Though this is a marginal improvement from Monday’s AQI reading of 353, Delhi’s overall air quality is in the ‘very poor’ category for the fifth consecutive day.
Air quality enters the ‘very poor’ zone between the 301-400 mark and crosses over to the ‘severe’ zone after exceeding 400.
The improvement in air quality is mostly due to meteorological factors. According to the forecast by India Meteorological Department (IMD), while pollution levels showed a marginal spike on Monday, wind speeds improved through the day and its impact is likely to be experienced on Tuesday.

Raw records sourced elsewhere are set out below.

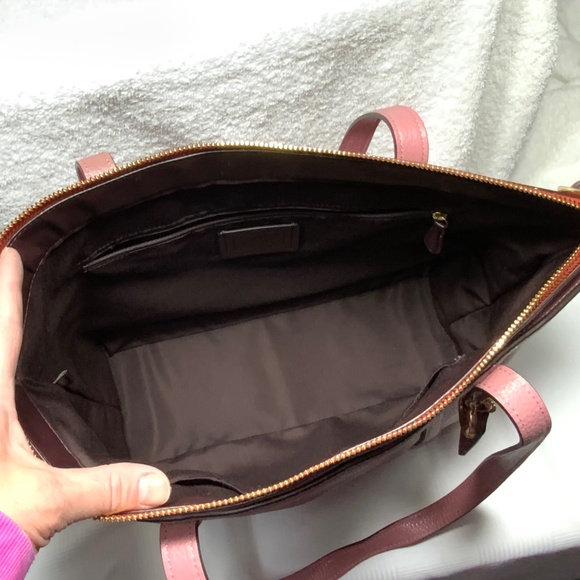 Coach Pink Leather May Tote Shoulder Bag - Picture 7 of 15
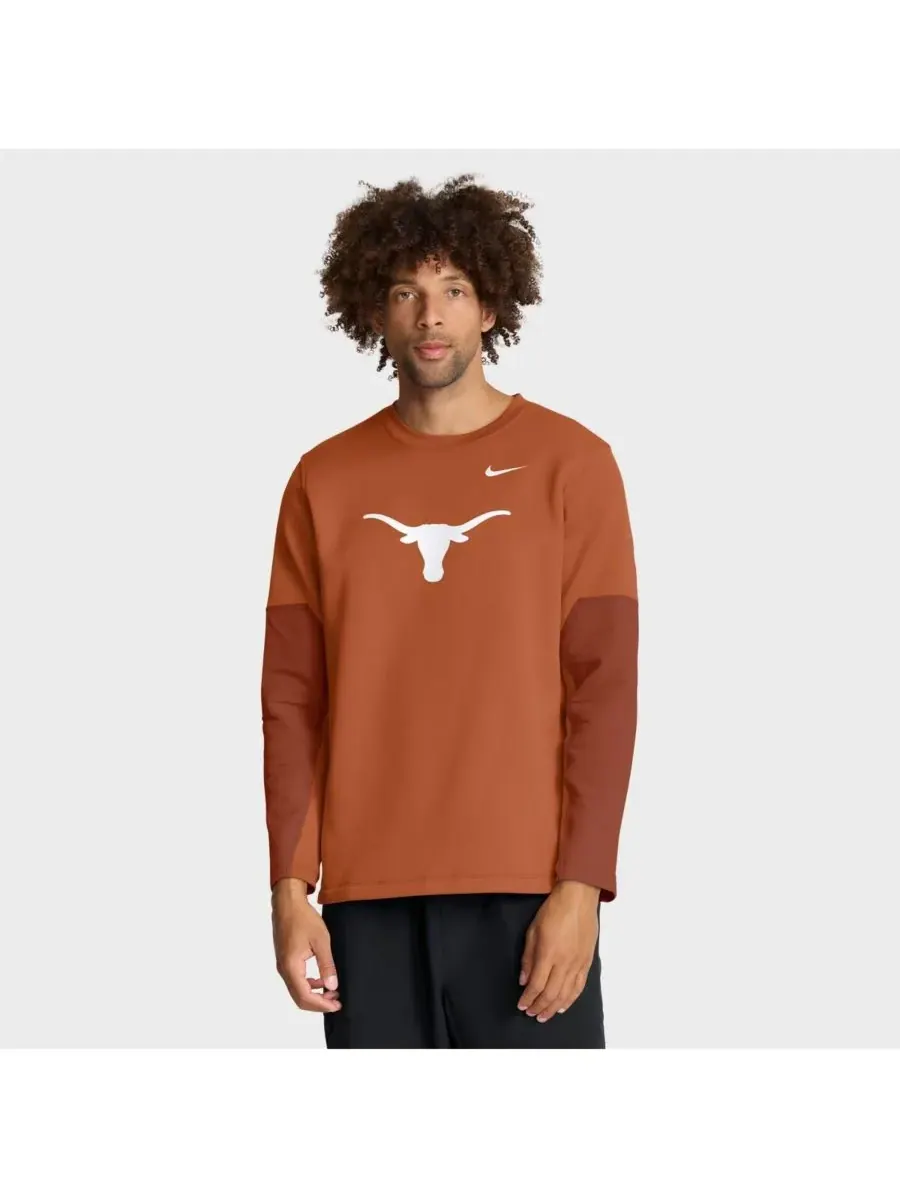 Nike Мужская футболка с длинным рукавом Texas Orange Texas Longhorns 2025 Sideline Coach Performance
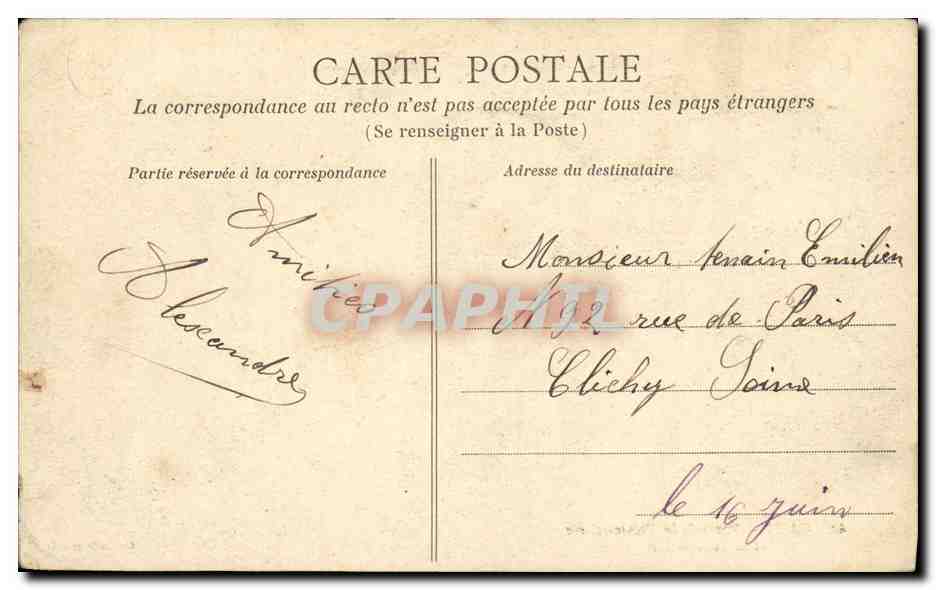 CPA Caen Place de la Possonnerie et la Tour le Roi — Verso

“The pollution load was lower today [Monday] as compared to the last few days and the wind speed improved from 6kmph to 12 kmph during the day. Since CPCB’s evening bulletin is a 24 hour-average AQI figure, we will be able to see the impact of the winds from Tuesday,” said Vijay Soni, head of IMD’s Environment Monitoring Research Centre.

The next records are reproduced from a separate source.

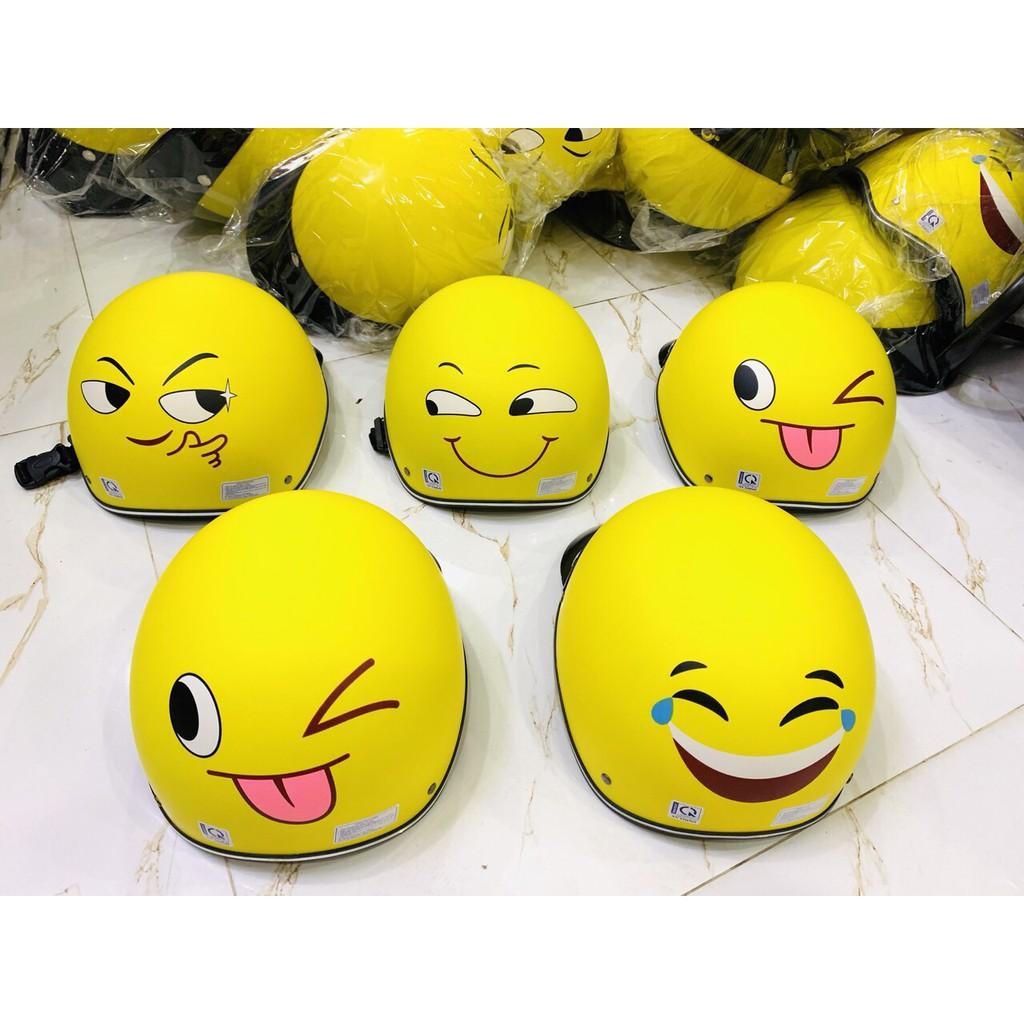 Nón bảo hiểm icon cảm xúc emoji vàng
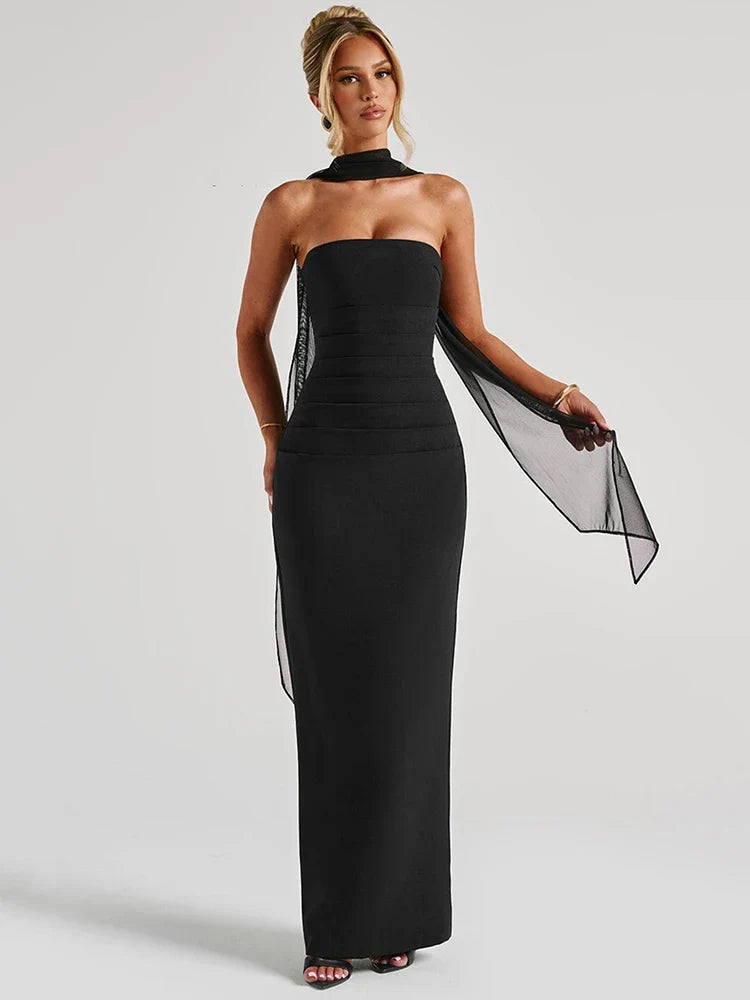 Scarf Collar Backless Maxi Dress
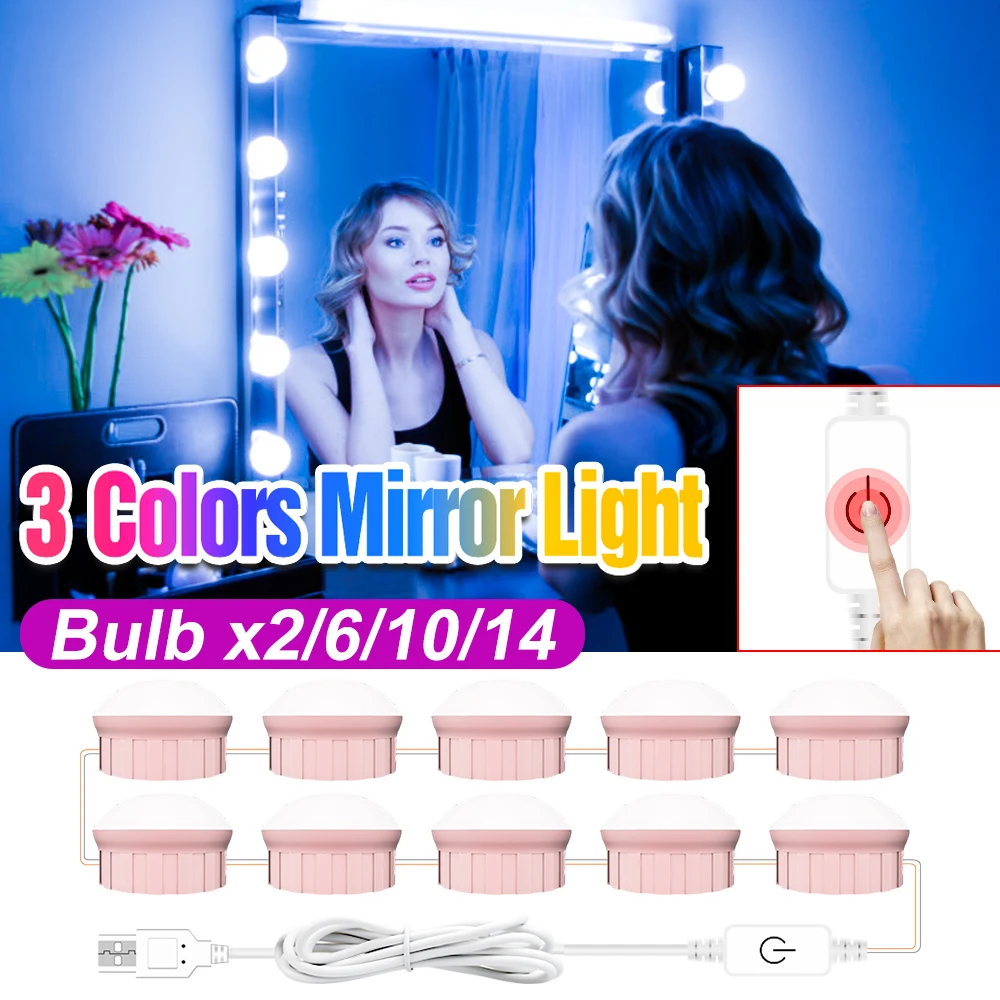 

USB Chambre Miroir Light LED Makeup Cabinet Beauty Lamp 2 6 10 14Bulb 3 Color Cosmetic Lights LED Dressing Table Vanity Bombilla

The improvement in the air quality will, however, be temporary. Scientists said that from October 28, the AQI reading will be pushed back to the ‘very poor’ range and will remain in the danger zone till the end of the month.
An analysis by the Union ministry of earth sciences’ air quality monitoring centre, System of Air Quality and Weather Forecasting and Research (Safar) also suggests that stubble burning continued to contribute to Delhi’s foul air on Monday.

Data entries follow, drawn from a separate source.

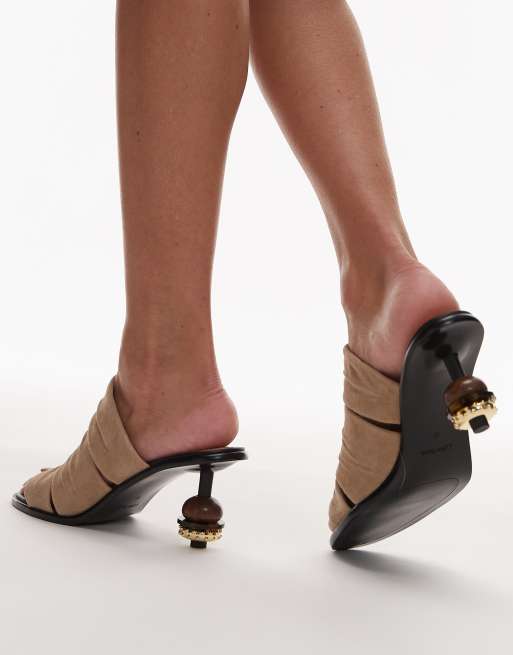 & Other Stories ball detail statement sandalette suede sandals in light beige, 3 of 4
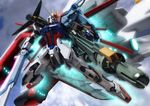  cloud dual_wielding energy_sword gatling_gun gun gundam gundam_seed holding mecha no_humans perfect_strike_gundam robographer space_craft strike_gundam sword weapon 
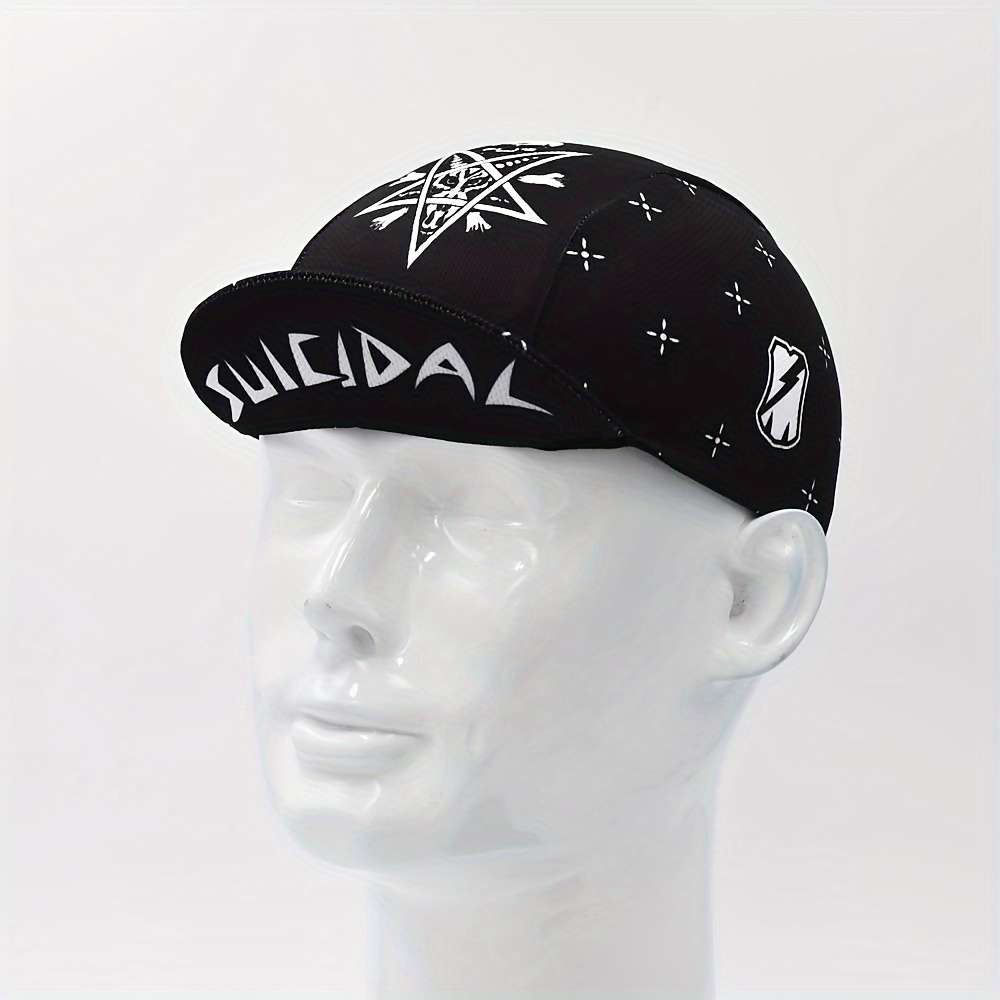 1pc Classic Retro Black Summer Cycling Cap Breathable Quick Dry Knit Polyester Material Ou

“Safar-synergised stubble fire counts again increased to 1,275 on Sunday. The Safar model estimate of stubble burning share in PM2.5 (ultrafine particulate matter with diameter less than 2.5 micrometres) is 16% for Monday. While the expected slight increase in local surface wind speed is a positive sign for Tuesday, improved wind speed is not forecasted to stay longer,” the Safar air quality analysis read.
Meanwhile, temperature is also set to dip this week in the national Capital. According to the forecast by IMD’s regional meteorological centre, Delhi;s weather will largely remain dry, and there will be a gradual decline in the maximum and minimum temperatures by 2°-3° C in the next three or four days. Delhi has been recording below-normal night-time temperatures for at least a week now.
Till Tuesday morning, the city recorded a maximum temperature of 32.8° C which was one degree above the normal, and a minimum temperature two degrees below normal at 14.4° C. This is likely to dip further as November approaches.